(DATASET RECORDS)

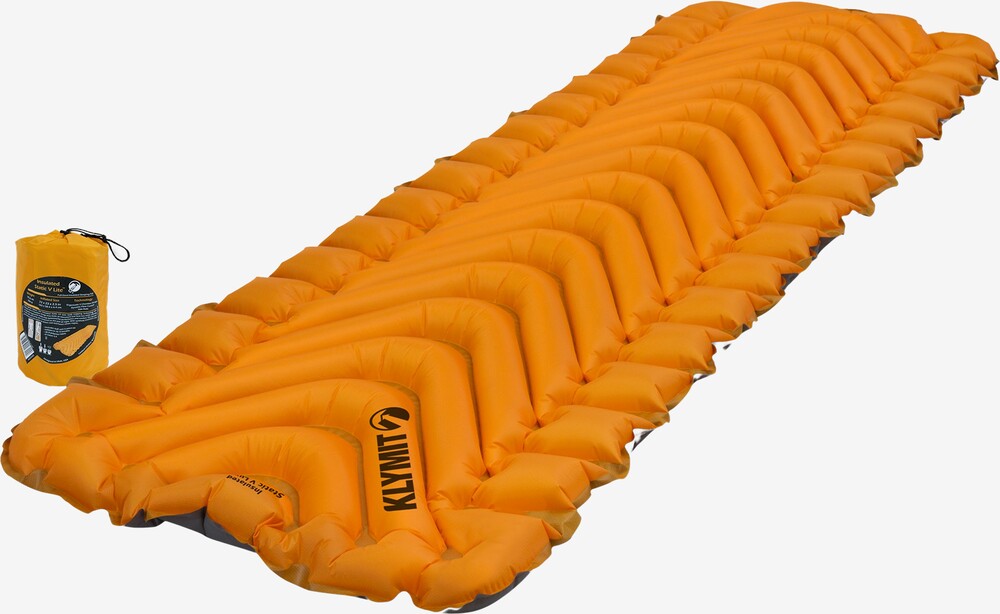 Orange Klymit Insulated Static V Lite liggeunderlag set skråt fra siden med gul pakpose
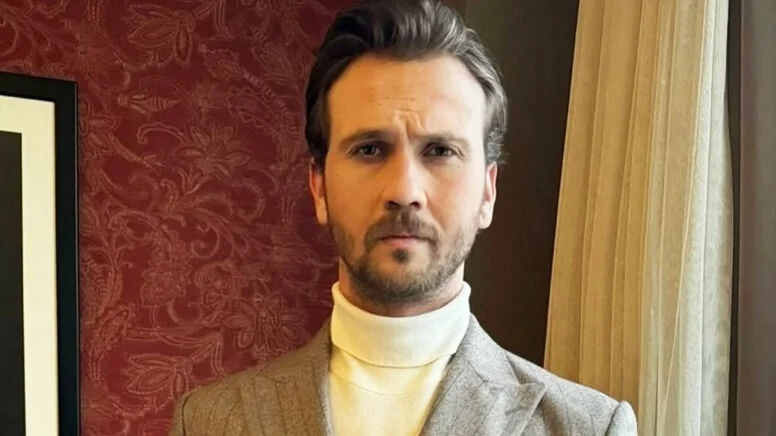 Dizi setinde korkutan bir kaza geçirmiş, apar topar ameliyata alınmıştı! Aras Bulut İynemli'nin sağlık durumu ile ilgili ilk açıklama - 1. Resim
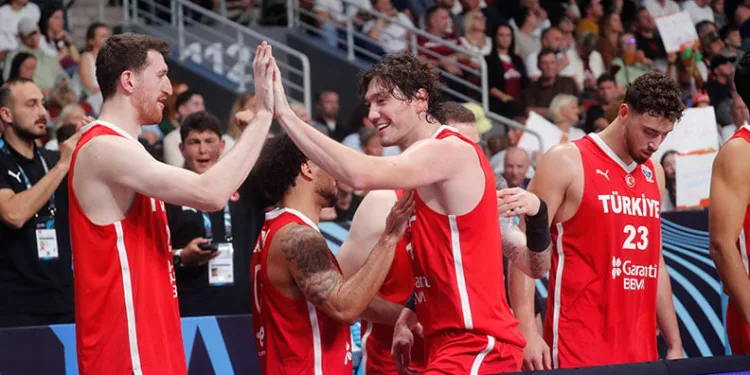 A Milli Erkek Basketbol Takımı, son 16 turunda İsveç ile karşılaşacak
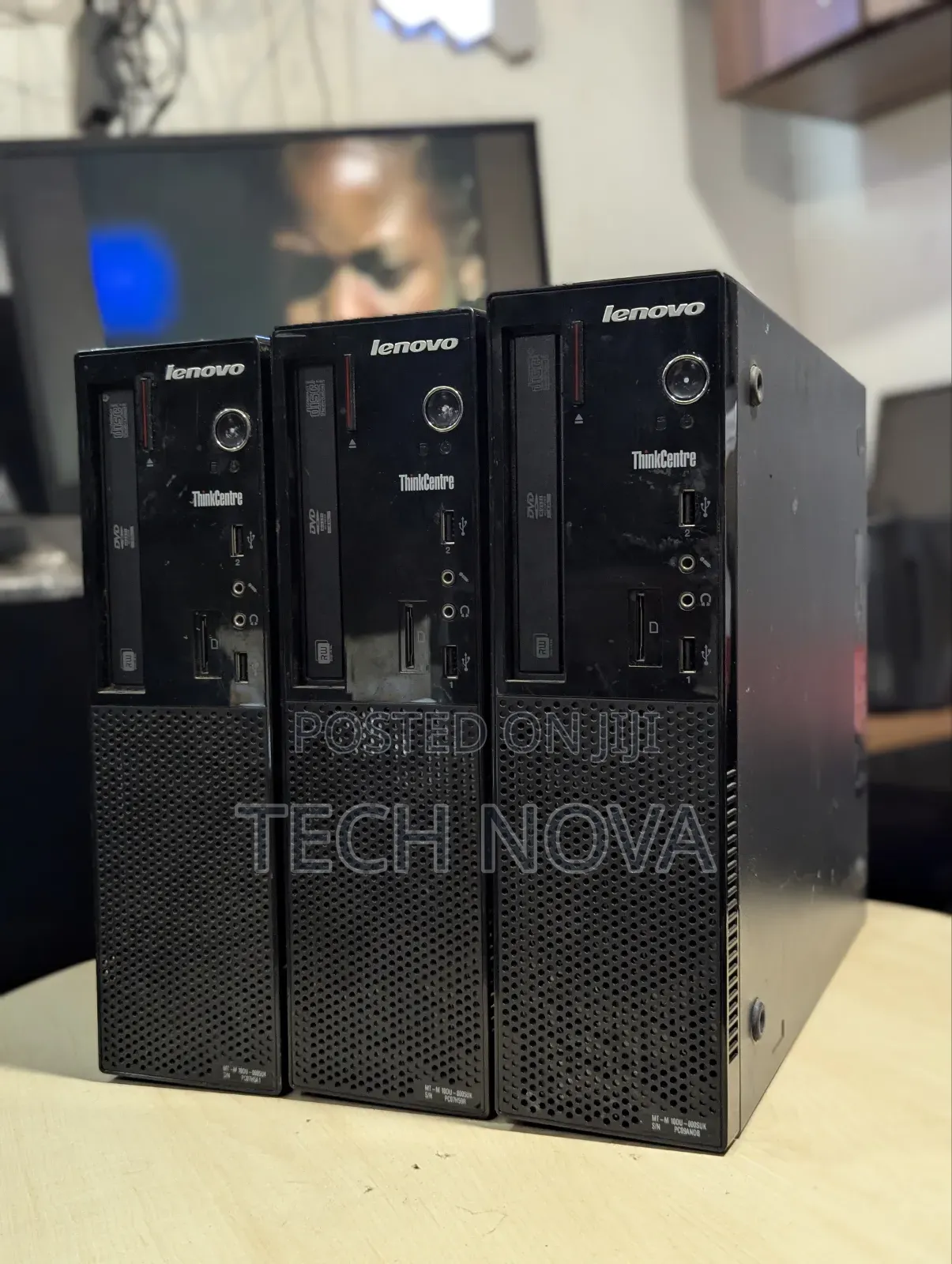 Desktop Computer Lenovo Ideacentre 720 8GB Intel Core I5 HDD 500GB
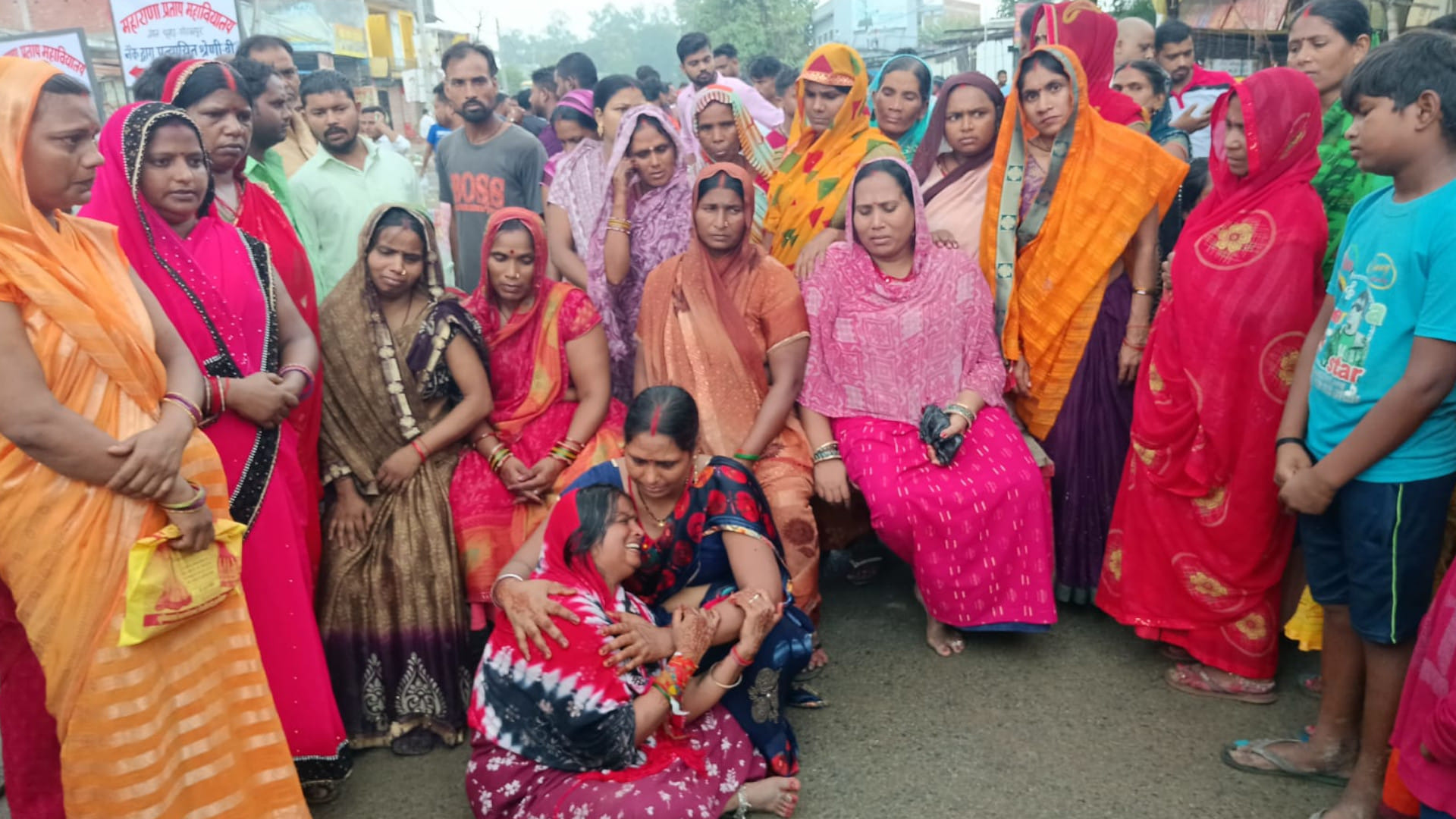 UP News Violence Erupts After Youth Killed by Cattle Smugglers Know Details in Hindi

(End DATASET RECORDS)

◆ EXERCISE INSTRUCTIONS: Leaving the pictures out, write out every entry exactly.

◆ YOUR SOLUTION:
 Orange Klymit Insulated Static V Lite liggeunderlag set skråt fra siden med gul pakpose
 Dizi setinde korkutan bir kaza geçirmiş, apar topar ameliyata alınmıştı! Aras Bulut İynemli'nin sağlık durumu ile ilgili ilk açıklama - 1. Resim
 A Milli Erkek Basketbol Takımı, son 16 turunda İsveç ile karşılaşacak
 Desktop Computer Lenovo Ideacentre 720 8GB Intel Core I5 HDD 500GB
 UP News Violence Erupts After Youth Killed by Cattle Smugglers Know Details in Hindi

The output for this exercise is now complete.